Seperti apa Babel melukiskan dunia penerjemahan? Mari kita telusuri!
Sekilas Tentang Babel
Novel Babel, Or the Necessity of Violence: An Arcane History of the Oxford Translators' Revolution karya R.F. Kuang adalah karya fiksi sejarah dengan sentuhan fantasi akademik yang rilis pada tahun 2022. Cerita ini berpusat pada Robin Swift, seorang anak yatim piatu asal Tiongkok yang dibawa ke Inggris dan akhirnya diterima di Royal Institute of Translation alias Babel. Babel merupakan lembaga elit Oxford yang mengajarkan ilmu bahasa dan penerjemahan.
Namun, Babel bukan sekadar kampus biasa. Di dunia alternatif yang diciptakan R.F. Kuang, Inggris pada abad ke-19 memiliki kekuatan magis bernama silver-working, yaitu sihir berbasis bahasa yang memanfaatkan batang perak bertuliskan pasangan kata (match-pairs) dari dua bahasa berbeda. Efek sihir muncul dari celah makna di antara dua kata yang diterjemahkan. Silver-working menjadi kekuatan magis yang dimanfaatkan Inggris untuk menguatkan praktik imperialisme dan kolonialisme. Inggris pun semakin tumbuh menjadi kekuatan yang tak tertandingi.
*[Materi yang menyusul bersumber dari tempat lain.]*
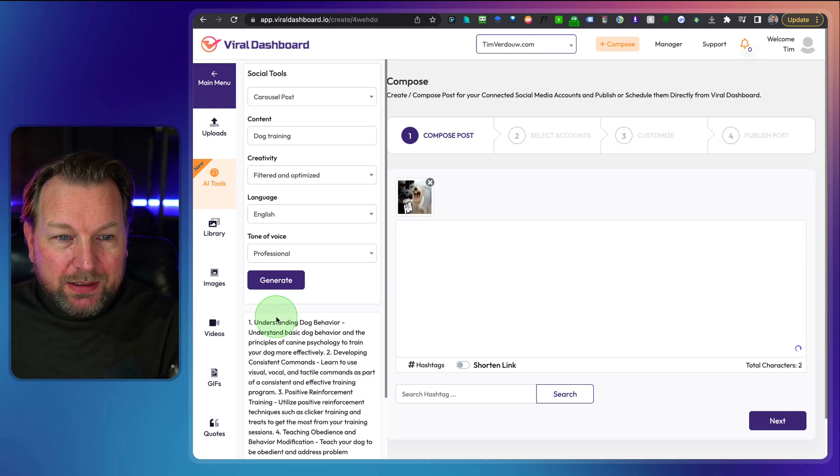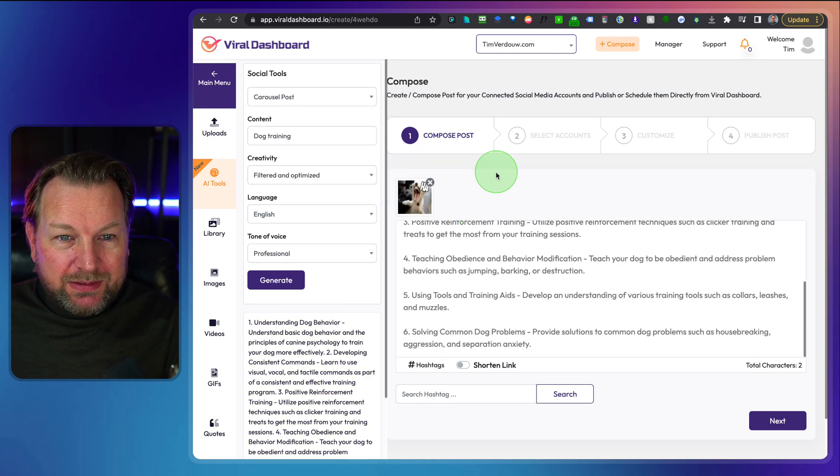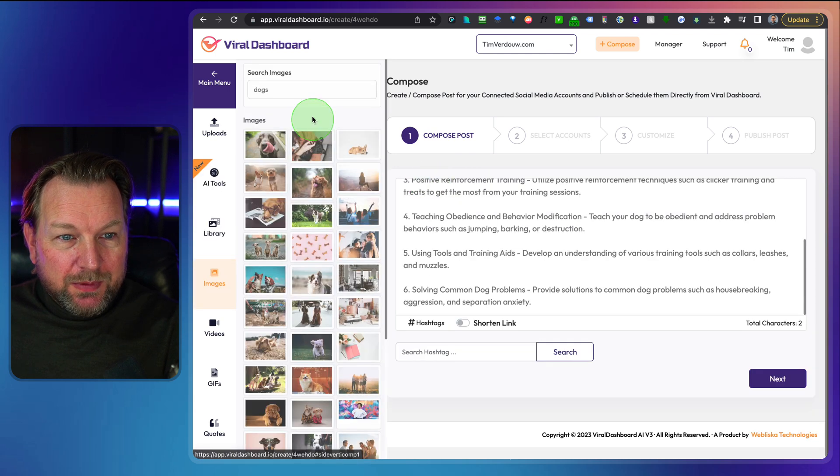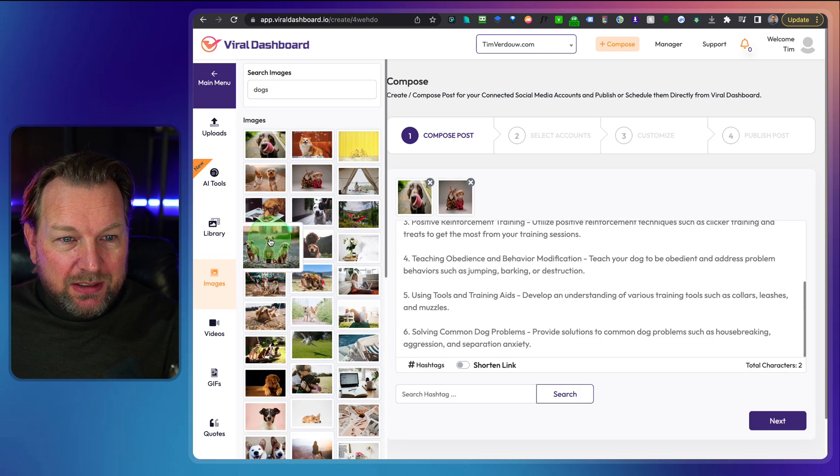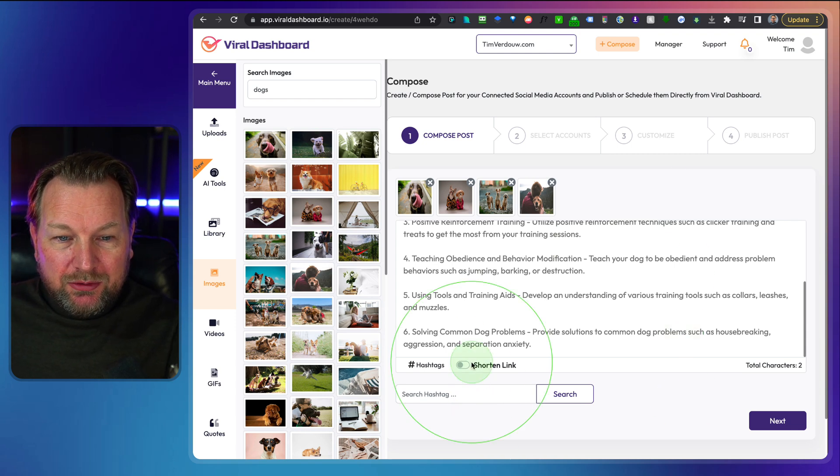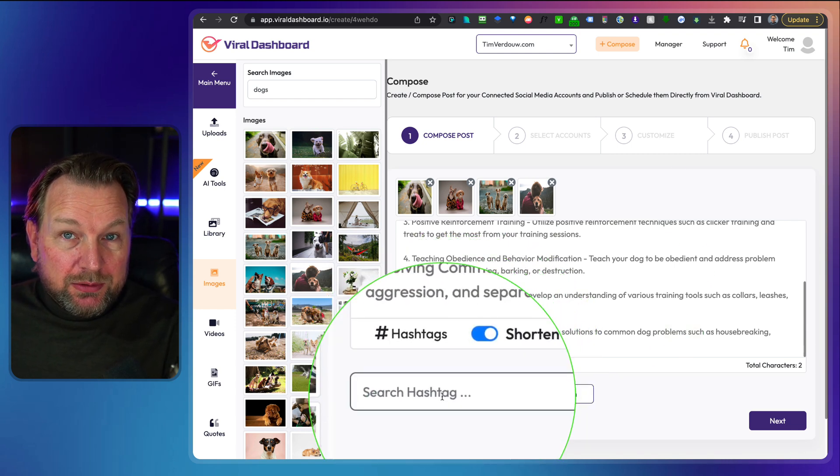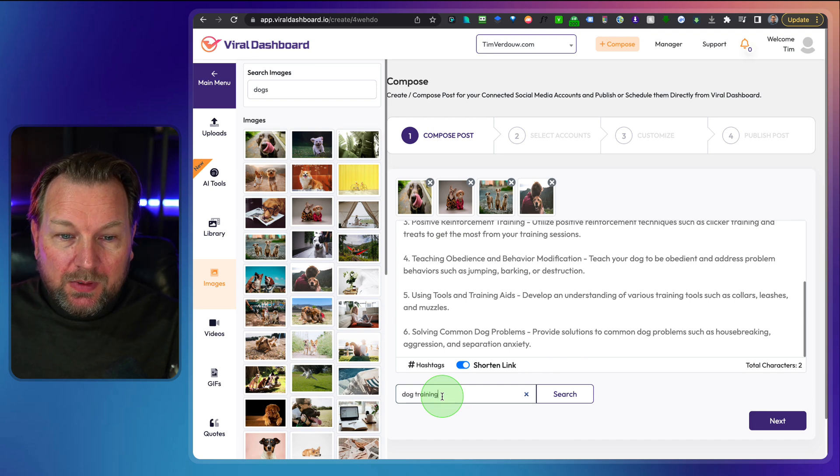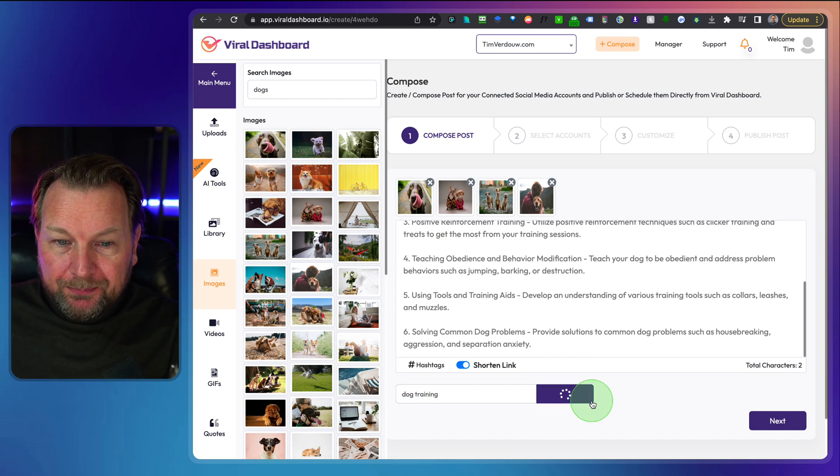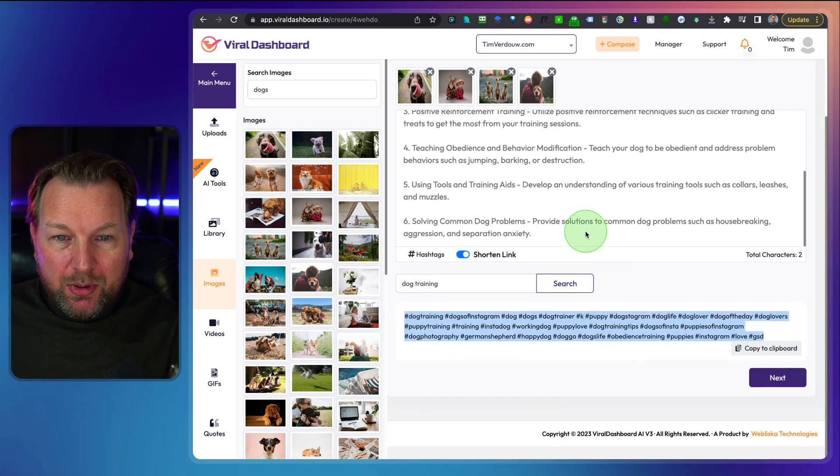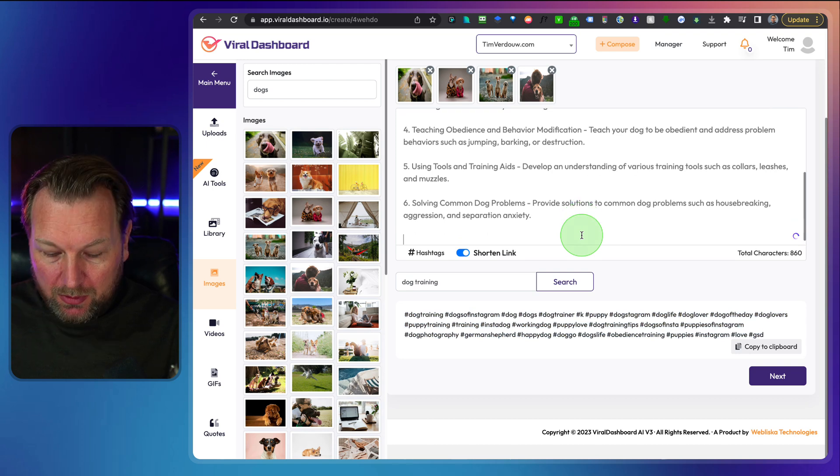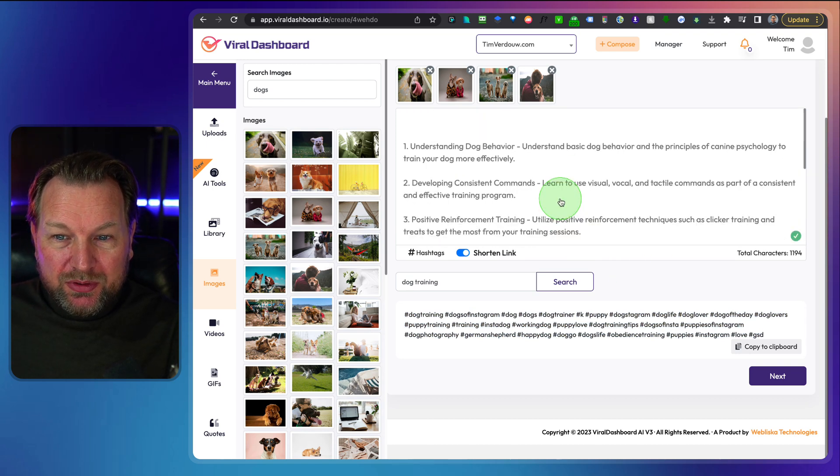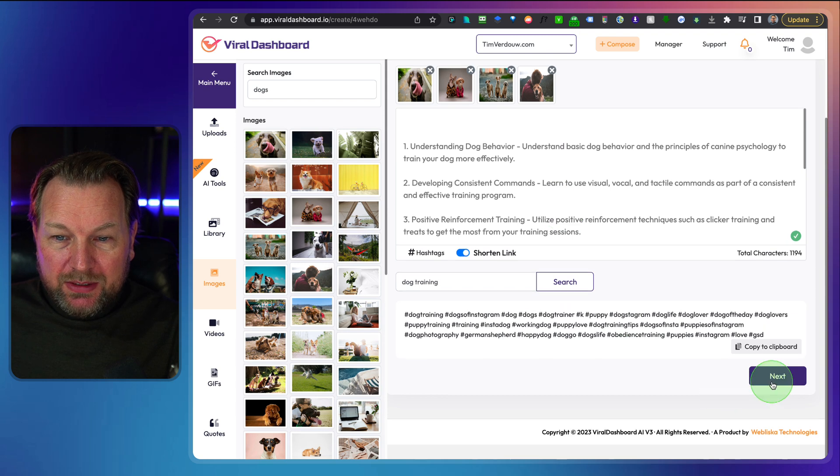So we didn't use the content, the AI tool, what we just did before. So let's go back, let's use this content again. Let's create another image here for these dogs from these images here. Let's just take a few pictures and then you can shorten the link here. If you'd like to do that, you could search for hashtag. So dog training and click on search here. And this will come up with a lot of tags. Do you see that?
Seiring waktu, Robin pun menyadari bahwa pengabdiannya pada Babel berarti pengkhianatan pada tanah airnya, terutama ketika Inggris memutuskan untuk berperang melawan Tiongkok demi perak dan candu. Dari sinilah pergolakan batin Robin bermula antara kesetiaan pada institusi atau perjuangan demi keadilan.
Penerjemahan sebagai Alat Pembebasan
"Translation, from time immemorial, has been the facilitator of peace. Translation makes possible communication, which in turn makes possible the kind of diplomacy, trade, and cooperation between foreign peoples that brings wealth and prosperity to all."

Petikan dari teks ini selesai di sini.